L’ÉCHELLE DE JACOB (1990)

Le réalisateur de Flashdance, 9 semaines 1/2 et Liaison fatale signe l’un des films les plus terrifiants de tous les temps…

JACOB’S LADDER

 

1990 – USA

 

Réalisé par Adrian Lyne

 

Avec Tim Robbins, Elizabeth Peña, Danny Aiello, Matt Craven, Eriq La Salle, Ving Rhames, Makaulay Culkin

 

THEMA MORT

L’idée de L’Échelle de Jacob trotte dans la tête du scénariste Bruce Joel Rubin depuis les années 70, mais visiblement aucun producteur ne s’intéresse à cette relecture modernisée et macabre d’un des épisodes de la Genèse. Entretemps, Rubin (qui semble vouer une véritable obsession à la mort et à l’au-delà) écrit les scénarios à succès de Brainstorm, L’Amie mortelle et surtout Ghost. Désormais dans la ligne de mire des studios hollywoodiens, l’auteur ressort son script et finit par attirer du monde. Le réalisateur Adrian Lyne tombe aussitôt sous le charme (si l’on peut dire) de ce récit éprouvant et refuse aussitôt de mettre en scène Le Bûcher des vanités (qui atterrira finalement entre les mains de Brian de Palma) pour diriger L’Échelle de Jacob. Voilà qui peut surprendre de la part de l’homme qui signa des films aussi universels que Ça plane les filles, Flashdance, 9 semaines ½ ou Liaison fatale, même si ce dernier laissait déjà entrevoir une noirceur jusqu’alors insoupçonnée dans l’univers du cinéaste. Lyne travaille donc en étroite collaboration avec Rubin pour réécrire l’histoire et notamment l’alléger de ses références bibliques trop marquées. Dans le rôle principal, Tom Hanks est le premier choix du réalisateur, mais l’acteur préfère – via un jeu de chaises musicales qui ne manque pas d’ironie – jouer dans Le Bûcher des vanités ! C’est là qu’entre en scène Tim Robbins, heureux de pouvoir changer de registre après les nombreuses comédies où il promena sa silhouette.

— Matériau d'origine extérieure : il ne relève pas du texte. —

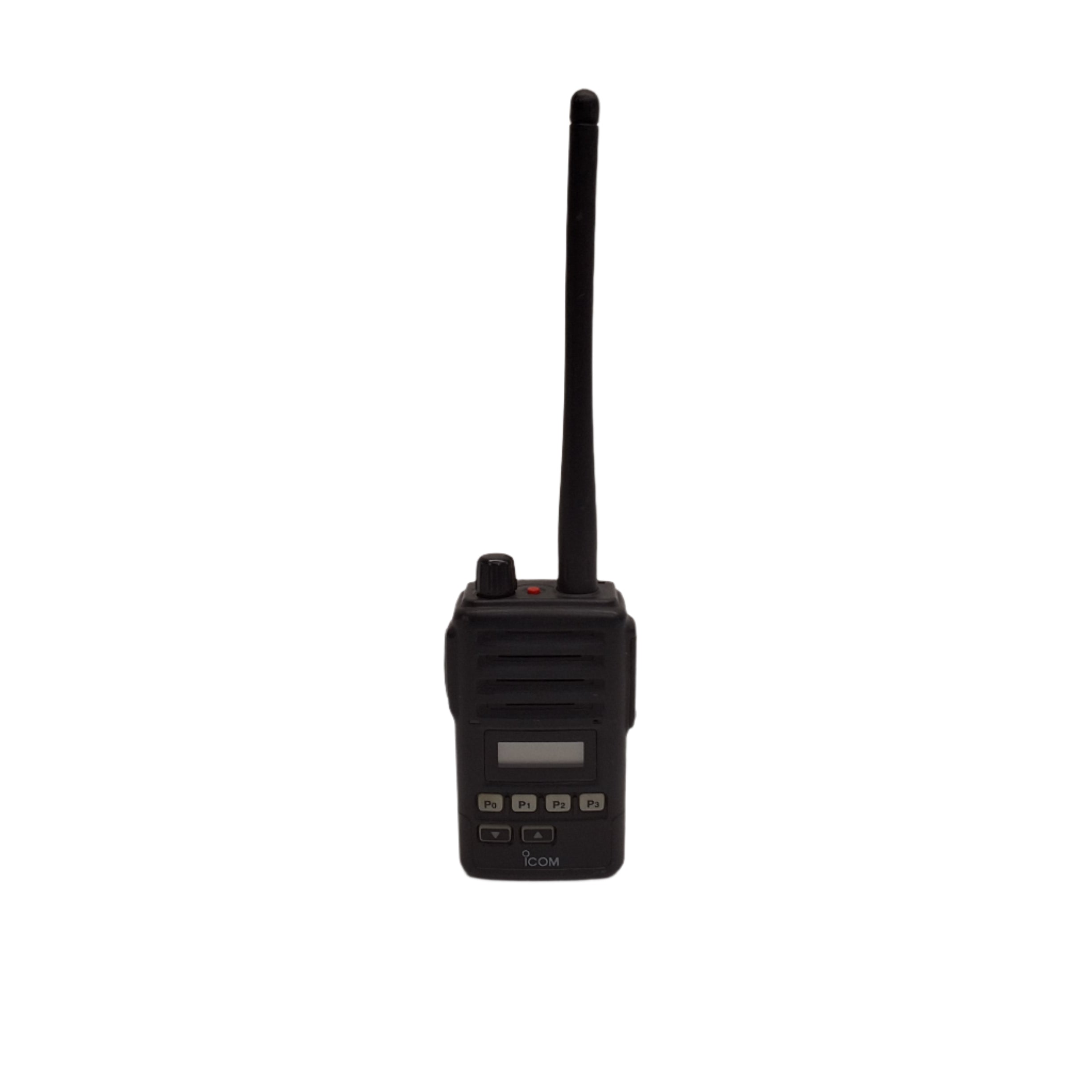 ICOM IC-F50 VHF Handheld Marine Radio - Waterproof Two-Way Radio for Boating, Fishing, and Outdoor Adventures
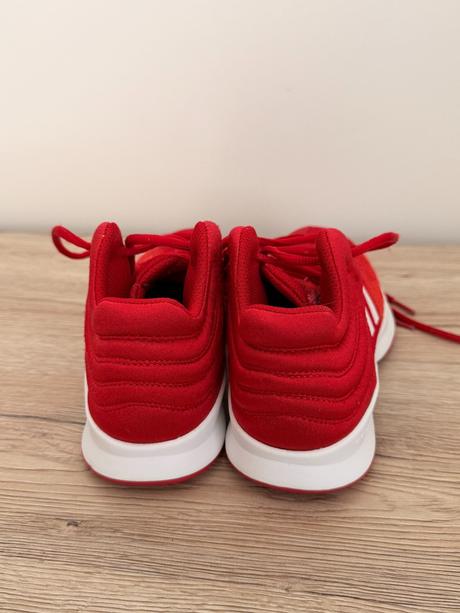 Detské tenisky adidas červené, veľ. 33, adidas,33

Robbins entre dans la peau de Jacob Singer, un vétéran de la guerre du Vietnam rapatrié aux États-Unis après une blessure. Depuis son retour au pays, il est obsédé par les images de ce conflit qui hantent son esprit. Mais il y a bien pire. Désormais, il se sent pourchassé par des démons sans visage qui surgissent partout dans son quotidien et sent autour de lui des forces hostiles qui cherchent à le tuer. Contacté par ses anciens camarades de guerre, Jacob découvre des preuves que l’armée a secrètement expérimenté sur leur unité un hallucinogène qui développe des pulsions homicides. Les terrifiantes illusions dont il est victime s’expliqueraient-elles par la prise de cette drogue ? Tandis qu’il se perd en conjectures, sa capacité à faire le tri entre la réalité palpable et les visions infernales est de plus en plus amoindrie et sa vie finit par se muer en affreux cauchemar dont il ne voit aucune issue…

Les paliers de l’horreur

Le scénario à tiroirs de L’Échelle de Jacob, entrelaçant flash-backs, flash-forwards, rêves et hallucinations, propose à priori plusieurs interprétations. Mais l’imagination du spectateur ne vagabonde pas au hasard, car le nombre possible d’explications est limité et chacune d’entre elles fonctionne selon sa propre logique. Le plan final, cependant, n’en laisse subsister qu’une, remettant en cause tout ce que nous venons de vivre avec l’infortuné protagoniste de cet épouvantable parcours du combattant. En se laissant inspirer par de nombreux peintres aux styles variés tels que William Blake, H.R. Giger ou Francis Bacon, mais aussi par les photographes Diane Arbus et Joel-Peter Witkin, Adrian Lyne parvient à bâtir un climat de tension et de terreur d’une intensité rarement atteinte au cinéma. Une peur sourde et indicible s’empare bien souvent du spectateur, s’identifiant parfaitement aux tourments de Jacob. Les visions d’épouvante sont d’autant plus puissantes qu’elles sont furtives, atypiques, à la fois tangibles et surréalistes, soutenues par une bande son en dents de scie signée Maurice Jarre. Mixant un thème au piano minimaliste avec des nappes synthétiques, des percussions ethniques et des sonorités inquiétantes, la partition du compositeur de Lawrence d’Arabie accompagne pas à pas l’univers trouble du film de Lyne. Longtemps après son générique de fin, L’Échelle de Jacob continue à hanter les spectateurs, dont les nerfs et la sensibilité furent rarement soumis à si rude épreuve. Ce classique de l’horreur psychologique ne remporta pas le succès escompté lors de sa sortie mais gagna peu à peu ses galons mérités d’œuvre culte.